Helen La Lime, head of the U.N.'s Integrated Office in Haiti, unexpectedly joined an Organization of American States meeting in Washington, D.C., saying it’s time to look at new partnerships as she called once again for the deployment of a specialized foreign force.

“We’re not getting the job done,” she said. “We need to get down to the business of building this country back.”

Powerful gangs have been infiltrating once peaceful communities in the Haitian capital and beyond, with experts estimating that they now control about 60% of Port-au-Prince. They have pillaged neighborhoods, raped adults and children and kidnapped hundreds of victims ranging from U.S. missionaries to a hot dog street vendor in a bid to control more territory, with violence worsening since the July 2021 assassination of President Jovenel Moïse.

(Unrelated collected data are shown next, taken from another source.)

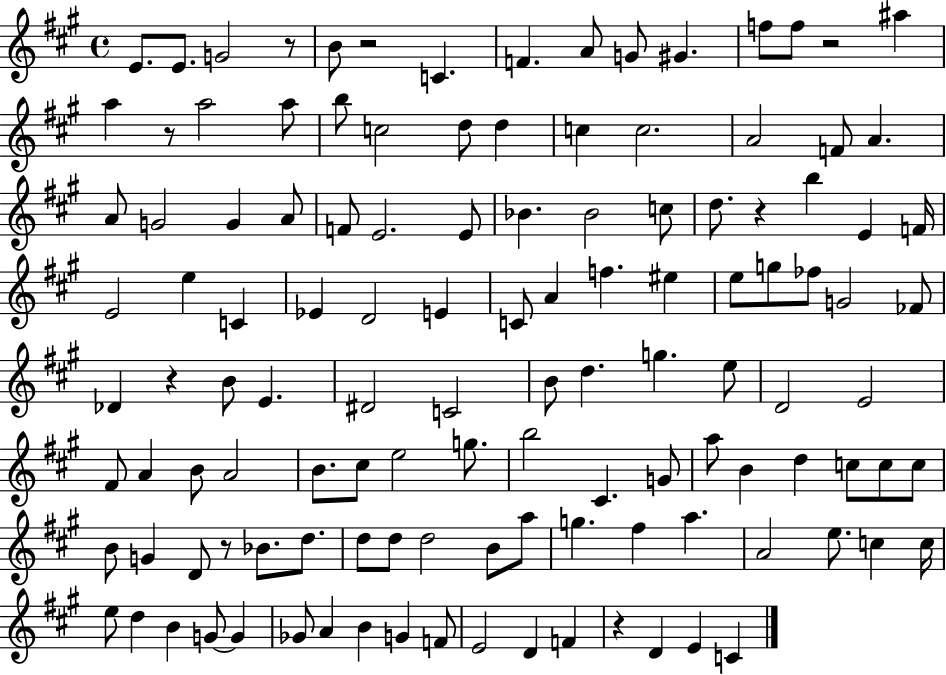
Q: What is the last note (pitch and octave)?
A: C4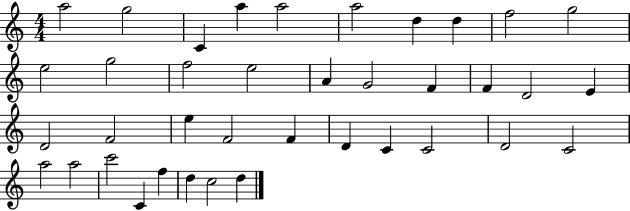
{
  \clef treble
  \numericTimeSignature
  \time 4/4
  \key c \major
  a''2 g''2 | c'4 a''4 a''2 | a''2 d''4 d''4 | f''2 g''2 | \break e''2 g''2 | f''2 e''2 | a'4 g'2 f'4 | f'4 d'2 e'4 | \break d'2 f'2 | e''4 f'2 f'4 | d'4 c'4 c'2 | d'2 c'2 | \break a''2 a''2 | c'''2 c'4 f''4 | d''4 c''2 d''4 | \bar "|."
}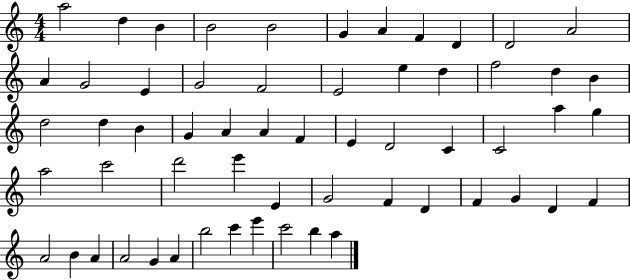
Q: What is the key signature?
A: C major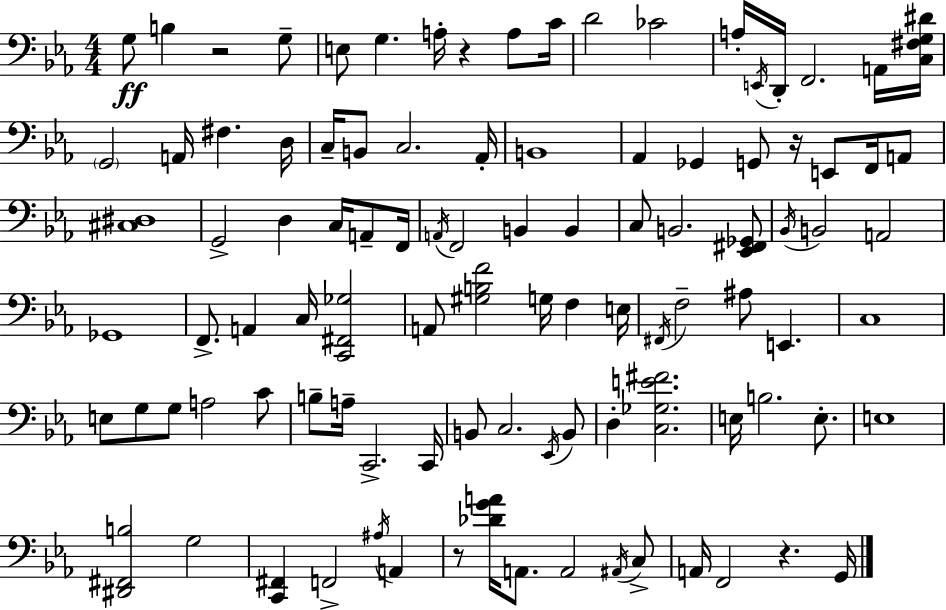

“It is urgent for the OAS…to understand that the worsening security situation on the ground has reached its peak, and armed gangs now roam the country unfettered,” said Victor Généus, Haiti’s foreign affairs minister.

Top Haitian officials including Généus and Prime Minister Ariel Henry have repeatedly sought international boots on the ground, a request first made in October that has gone unheeded by the U.N.’s Security Council, which has instead implemented sanctions.

“The time has come for deeds, not words,” Généus said. “Haiti does not have the means to resolve this crisis alone.”

Haiti’s National Police has only 9,000 active duty officers in a country of more than 11 million people, and officials say the department remains under resourced and understaffed despite international help.

“It’s not enough to have weapons. It’s not enough to strengthen the National Police and Army,” said Léon Charles, Haiti’s permanent representative to the OAS and the country’s former police chief.

At least 78 police officers have been killed by gangs, which have seized control of police departments in some areas and burned others, according to human rights activists.

The spike in violence also has left tens of thousands of Haitians homeless and prompted a mass migration to the U.S. and other islands in the Caribbean, with an increasing number of voyages aboard rickety boats turning fatal. Meanwhile, officials in nations including the Dominican Republic, the Bahamas and the Turks and Caicos Islands have cracked down on migrants and complained about the strain that they have placed on government services.

“The security problem of Haiti pose a threat to the entire region,” Généus said.

The OAS called the meeting to analyze what kind of assistance is needed and where so Haiti can finally hold long-awaited general elections.

Before OAS members went behind closed doors to continue the discussion, La Lime said Haiti urgently needs a safer environment before elections are held.

“Nothing is going to move unless the situation on the ground…changes,” she said. “Without more security assistance…they’re not going to make it.”